--- To do ---
Lines from the entries below that hold "Gallery" form the answer; copy all of them.

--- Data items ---
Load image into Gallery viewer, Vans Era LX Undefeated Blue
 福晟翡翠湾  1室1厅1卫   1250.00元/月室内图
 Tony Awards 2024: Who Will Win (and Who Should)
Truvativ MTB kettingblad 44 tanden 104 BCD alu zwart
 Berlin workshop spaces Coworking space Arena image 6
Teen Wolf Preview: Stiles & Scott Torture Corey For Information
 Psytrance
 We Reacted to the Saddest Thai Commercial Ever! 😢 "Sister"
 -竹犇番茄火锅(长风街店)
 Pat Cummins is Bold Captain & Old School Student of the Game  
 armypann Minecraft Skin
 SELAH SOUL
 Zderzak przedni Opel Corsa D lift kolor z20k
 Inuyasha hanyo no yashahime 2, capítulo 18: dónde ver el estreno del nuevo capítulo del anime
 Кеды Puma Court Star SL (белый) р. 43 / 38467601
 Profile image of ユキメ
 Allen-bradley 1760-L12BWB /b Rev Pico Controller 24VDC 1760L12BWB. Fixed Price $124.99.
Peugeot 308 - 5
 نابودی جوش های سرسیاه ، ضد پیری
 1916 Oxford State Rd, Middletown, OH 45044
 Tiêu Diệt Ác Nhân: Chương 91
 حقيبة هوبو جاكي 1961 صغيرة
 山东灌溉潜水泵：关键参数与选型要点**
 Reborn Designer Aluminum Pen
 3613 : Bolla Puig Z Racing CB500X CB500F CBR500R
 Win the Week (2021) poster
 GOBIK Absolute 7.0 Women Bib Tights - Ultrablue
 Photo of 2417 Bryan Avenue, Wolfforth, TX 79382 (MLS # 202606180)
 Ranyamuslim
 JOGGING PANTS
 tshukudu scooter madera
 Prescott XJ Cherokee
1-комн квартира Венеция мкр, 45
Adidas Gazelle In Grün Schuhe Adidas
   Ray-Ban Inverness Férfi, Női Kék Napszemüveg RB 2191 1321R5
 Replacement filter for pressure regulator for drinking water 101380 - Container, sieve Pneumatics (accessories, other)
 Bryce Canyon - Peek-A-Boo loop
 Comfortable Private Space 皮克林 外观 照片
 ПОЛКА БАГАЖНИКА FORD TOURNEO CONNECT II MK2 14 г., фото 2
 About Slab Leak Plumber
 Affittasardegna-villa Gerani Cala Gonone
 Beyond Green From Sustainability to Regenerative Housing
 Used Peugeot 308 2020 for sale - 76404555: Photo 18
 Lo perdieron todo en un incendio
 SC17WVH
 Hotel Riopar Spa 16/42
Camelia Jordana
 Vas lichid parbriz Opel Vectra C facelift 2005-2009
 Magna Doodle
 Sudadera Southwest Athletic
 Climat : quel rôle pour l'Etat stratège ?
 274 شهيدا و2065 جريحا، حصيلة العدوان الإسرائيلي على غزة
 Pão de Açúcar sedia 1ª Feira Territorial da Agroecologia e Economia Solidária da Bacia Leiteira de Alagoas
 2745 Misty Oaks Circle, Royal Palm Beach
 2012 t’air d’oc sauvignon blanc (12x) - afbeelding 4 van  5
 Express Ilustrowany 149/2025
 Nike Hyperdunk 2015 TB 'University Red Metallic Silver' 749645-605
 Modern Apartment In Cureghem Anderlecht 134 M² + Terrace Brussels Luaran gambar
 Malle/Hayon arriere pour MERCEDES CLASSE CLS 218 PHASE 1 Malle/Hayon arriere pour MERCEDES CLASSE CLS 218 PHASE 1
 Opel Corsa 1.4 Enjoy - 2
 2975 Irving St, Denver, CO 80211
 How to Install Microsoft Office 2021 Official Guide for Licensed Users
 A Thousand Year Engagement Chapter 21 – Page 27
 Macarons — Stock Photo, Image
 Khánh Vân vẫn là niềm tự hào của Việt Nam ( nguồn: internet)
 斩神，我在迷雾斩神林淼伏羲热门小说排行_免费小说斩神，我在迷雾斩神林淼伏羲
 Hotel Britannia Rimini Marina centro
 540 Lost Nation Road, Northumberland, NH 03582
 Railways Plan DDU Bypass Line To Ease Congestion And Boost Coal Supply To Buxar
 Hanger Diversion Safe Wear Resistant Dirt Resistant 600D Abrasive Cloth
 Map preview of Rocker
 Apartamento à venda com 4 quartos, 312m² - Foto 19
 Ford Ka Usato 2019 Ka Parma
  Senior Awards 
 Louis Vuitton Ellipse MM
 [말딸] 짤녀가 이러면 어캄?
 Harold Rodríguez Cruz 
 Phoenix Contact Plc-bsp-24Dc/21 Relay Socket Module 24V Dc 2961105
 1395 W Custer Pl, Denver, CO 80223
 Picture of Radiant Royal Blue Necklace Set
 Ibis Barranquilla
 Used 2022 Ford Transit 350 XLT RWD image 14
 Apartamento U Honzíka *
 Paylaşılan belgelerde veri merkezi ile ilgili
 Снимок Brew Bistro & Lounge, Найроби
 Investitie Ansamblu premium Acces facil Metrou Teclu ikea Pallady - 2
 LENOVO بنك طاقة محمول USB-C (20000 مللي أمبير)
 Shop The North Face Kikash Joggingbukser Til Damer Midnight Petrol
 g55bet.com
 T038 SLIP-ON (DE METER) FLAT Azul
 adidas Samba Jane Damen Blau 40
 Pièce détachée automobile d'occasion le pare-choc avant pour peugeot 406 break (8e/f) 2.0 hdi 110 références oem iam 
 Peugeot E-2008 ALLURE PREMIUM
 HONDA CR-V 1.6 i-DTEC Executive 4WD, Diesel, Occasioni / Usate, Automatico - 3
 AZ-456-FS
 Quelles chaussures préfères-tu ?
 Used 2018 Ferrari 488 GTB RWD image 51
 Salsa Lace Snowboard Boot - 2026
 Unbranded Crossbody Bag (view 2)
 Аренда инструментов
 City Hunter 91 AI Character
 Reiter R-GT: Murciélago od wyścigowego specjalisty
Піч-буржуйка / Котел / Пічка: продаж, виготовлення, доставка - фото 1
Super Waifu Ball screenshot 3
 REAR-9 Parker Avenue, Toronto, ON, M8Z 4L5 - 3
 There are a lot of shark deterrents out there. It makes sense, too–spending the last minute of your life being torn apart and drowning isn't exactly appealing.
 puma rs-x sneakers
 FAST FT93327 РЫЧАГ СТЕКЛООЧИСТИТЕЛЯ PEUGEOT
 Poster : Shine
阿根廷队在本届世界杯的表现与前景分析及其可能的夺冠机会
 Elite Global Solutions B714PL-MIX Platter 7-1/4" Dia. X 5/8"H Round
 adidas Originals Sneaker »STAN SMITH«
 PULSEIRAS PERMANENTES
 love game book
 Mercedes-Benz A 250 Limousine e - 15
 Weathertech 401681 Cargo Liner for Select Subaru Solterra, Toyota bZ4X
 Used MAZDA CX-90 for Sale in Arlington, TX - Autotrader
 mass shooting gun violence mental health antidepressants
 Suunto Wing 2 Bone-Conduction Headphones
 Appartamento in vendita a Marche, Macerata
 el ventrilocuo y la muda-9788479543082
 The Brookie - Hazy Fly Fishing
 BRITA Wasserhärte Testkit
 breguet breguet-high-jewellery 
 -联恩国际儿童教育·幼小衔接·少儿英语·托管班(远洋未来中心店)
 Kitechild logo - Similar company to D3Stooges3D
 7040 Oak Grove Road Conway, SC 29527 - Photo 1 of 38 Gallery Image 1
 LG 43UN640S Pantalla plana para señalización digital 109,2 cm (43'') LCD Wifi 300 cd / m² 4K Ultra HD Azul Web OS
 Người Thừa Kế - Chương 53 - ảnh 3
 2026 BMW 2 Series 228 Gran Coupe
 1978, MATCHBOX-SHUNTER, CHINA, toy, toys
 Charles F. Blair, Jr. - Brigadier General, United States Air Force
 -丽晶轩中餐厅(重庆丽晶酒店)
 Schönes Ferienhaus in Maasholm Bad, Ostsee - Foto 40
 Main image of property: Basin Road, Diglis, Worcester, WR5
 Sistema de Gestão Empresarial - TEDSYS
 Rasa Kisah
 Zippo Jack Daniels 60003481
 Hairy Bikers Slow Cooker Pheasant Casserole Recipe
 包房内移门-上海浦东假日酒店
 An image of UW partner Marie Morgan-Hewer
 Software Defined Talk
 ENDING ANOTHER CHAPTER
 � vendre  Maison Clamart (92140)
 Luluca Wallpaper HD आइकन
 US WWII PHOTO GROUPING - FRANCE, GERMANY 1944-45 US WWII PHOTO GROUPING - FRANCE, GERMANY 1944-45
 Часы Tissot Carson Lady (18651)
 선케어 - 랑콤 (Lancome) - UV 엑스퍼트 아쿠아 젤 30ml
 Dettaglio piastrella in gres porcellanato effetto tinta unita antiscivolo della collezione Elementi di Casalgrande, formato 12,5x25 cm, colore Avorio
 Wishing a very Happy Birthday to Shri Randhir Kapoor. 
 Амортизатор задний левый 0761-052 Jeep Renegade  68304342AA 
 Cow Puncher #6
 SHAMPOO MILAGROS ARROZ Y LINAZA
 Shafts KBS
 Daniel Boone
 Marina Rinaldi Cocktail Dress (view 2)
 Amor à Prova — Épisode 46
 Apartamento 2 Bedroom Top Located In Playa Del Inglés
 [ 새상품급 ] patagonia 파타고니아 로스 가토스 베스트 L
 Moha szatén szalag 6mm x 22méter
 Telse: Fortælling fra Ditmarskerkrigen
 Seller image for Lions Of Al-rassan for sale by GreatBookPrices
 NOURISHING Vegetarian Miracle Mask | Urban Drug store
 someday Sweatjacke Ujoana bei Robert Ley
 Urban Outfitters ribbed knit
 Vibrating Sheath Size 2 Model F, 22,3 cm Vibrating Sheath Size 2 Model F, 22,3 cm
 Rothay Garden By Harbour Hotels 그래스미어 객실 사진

--- Solution for this problem ---
Load image into Gallery viewer, Vans Era LX Undefeated Blue
 7040 Oak Grove Road Conway, SC 29527 - Photo 1 of 38 Gallery Image 1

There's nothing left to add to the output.